Apple bewarb monatelang neue KI-Funktionen für seine Sprachassistentin Siri, die das iPhone zu einem unverzichtbaren Upgrade machen sollten. Dabei standen drei Elemente im Mittelpunkt:
- Persönlicher Kontext (z.B. «Wann landet der Flug meiner Mum?»)
- Bildschirmbewusstsein (z.B. «Füge diese Adresse zu meinen Kontakten hinzu»)
- App-Aktionen («Verbessere dieses Foto und füge es zu meiner Notiz hinzu»).
«Eine Firma in der Krise»
Nur: Diese Funktionen existieren so bisher nicht. Apple musste einräumen, dass die Entwicklung «länger dauern wird als gedacht» und voraussichtlich erst 2026 fertig sein soll. Was also fürs iPhone 16 versprochen wurde, könnte frühestens fürs iPhone 17 geliefert werden. Ein Werbespot, in dem Bella Ramsey («Last of Us», «Game of Thrones») die Funktionen anpries, wurde still und leise gelöscht.
Der Apple-Kenner John Gruber findet dafür auf seinem Blog daringfireball.net deutliche Worte. «Was Apple bei der WWDC 2024 bezüglich der kommenden Siri zeigte, war keine Demo. Es war ein Konzeptvideo. Konzeptvideos sind Bullshit und ein Zeichen für ein Unternehmen in Aufruhr, wenn nicht sogar in der Krise.» Die Gedanken verfasste er unter dem Titel: «Etwas ist faul im Staate Cupertino» – Apples Hauptsitz im kalifornischen Städtchen mit rund 60’000 Einwohnern.
Doch Apple ist nicht allein. Laut David Pierce von theverge.com steckt die gesamte Technologiebranche in einem regelrechten KI-Dilemma: «Die ganze Versprechung basierte auf der Idee, dass Siri, Alexa, Gemini, ChatGPT und andere Chatbots so gut geworden sind, dass sie verändern würden, wie wir alles tun.» Die Realität sieht anders aus.
Google und Samsung haben ähnliche Probleme. Die Hersteller haben ihre Geräte ebenfalls mit KI-Versprechen überfrachtet. Nutzer berichten aber, dass sie die KI-Funktionen kaum je nutzen, da sie so «leicht zu vergessen» sind.

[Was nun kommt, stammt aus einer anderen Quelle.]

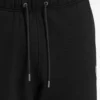 Pantalon de jogging Script Pantalon de jogging Script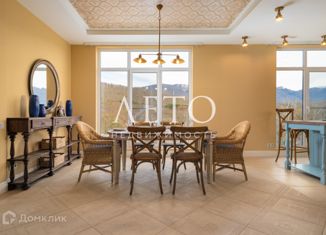 Продаю дом, 300 м2, село Казачий Брод, Форелевая улица, 2А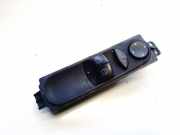 Schalter für Fensterheber Volkswagen Crafter, I 2006.01 - 2011.12 9065451213,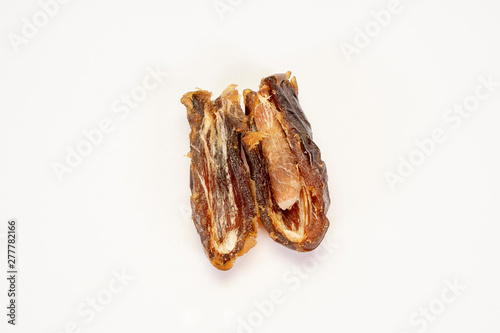 Dates, Dried Dates, Mariami Dates, Rotab, Medjoul, Medjool, Madjool photo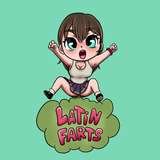 latinfarts from onlyfans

Und einige der neuen Start-ups im KI-Bereich, die mit Milliardeninvestitionen gestartet sind, etwa Humane oder Rabbit, haben nur Flops produziert oder sind komplett gescheitert.
Stillstand statt Innovation
Kurz: Die Fixierung auf KI hat die Branche gelähmt. «Zu viele Unternehmen haben ihre Pläne auf einen theoretischen und perfektionierten Endzustand der KI tariert, anstatt nach Wegen zu suchen, sie schon jetzt nützlich zu machen», sagt Pierce. Die Folge: Eine ganze Generation von Geräten wird zum Opfer überzogener KI-Versprechen. Statt nützlicher Innovationen (eine XXL-Akkulaufzeit, bruchsichere Displays etc.) gibt es nur kleine Verbesserungen mit einem KI-Sticker drauf.
Fairerweise muss man sagen, dass die Hersteller in einem Dilemma stecken. «Wenn man davon ausgeht, dass KI einen Paradigmenwechsel darstellt, der die Welt ähnlich wie das Smartphone oder das Internet verändern wird, wäre es töricht, zu warten, bis die Technologie perfekt ist», schreibt Pierce. «Bis dahin ist es zu spät, und das Rennen ist verloren. Die jetzige Gratwanderung zwischen frühzeitiger Innovation und übertriebenen Versprechen ist jedoch missglückt.»
Kritik kommt, Vertrauen verschleudert
John Gruber sieht bei Apple sogar die Unternehmenskultur gefährdet: «Wenn Mittelmässigkeit, Ausreden und Unsinn Wurzeln schlagen, übernehmen sie. Eine Kultur der Exzellenz, Verantwortlichkeit und Integrität kann die Akzeptanz dieser Dinge nicht dulden.» Das eigentliche Problem: Die Firmen haben ihr Vertrauen verspielt. Apple hat Funktionen beworben, die es bisher nicht liefern kann. Was als Apple Intelligence verkauft wird, beschränkt sich aktuell auf Schreibwerkzeuge, Zusammenfassung von Textnachrichten und Emojis. In Sachen Siri ist der Konzern in 14 Jahren vom Vorreiter zum Nachzügler mutiert.
«Die Glaubwürdigkeit ist beschädigt», urteilt Gruber. «Beschädigt ist zu passiv ausgedrückt. Sie wurde verschleudert. Dies ist Apple nicht einfach so passiert. Entscheidungsträger innerhalb der Firma haben es aktiv herbeigeführt.» Für Konsumenten bedeutet das: Skepsis ist angebracht, wenn Tech-Firmen neue KI-Wunder versprechen.
Die Revolution wird wohl länger auf sich warten lassen als gedacht.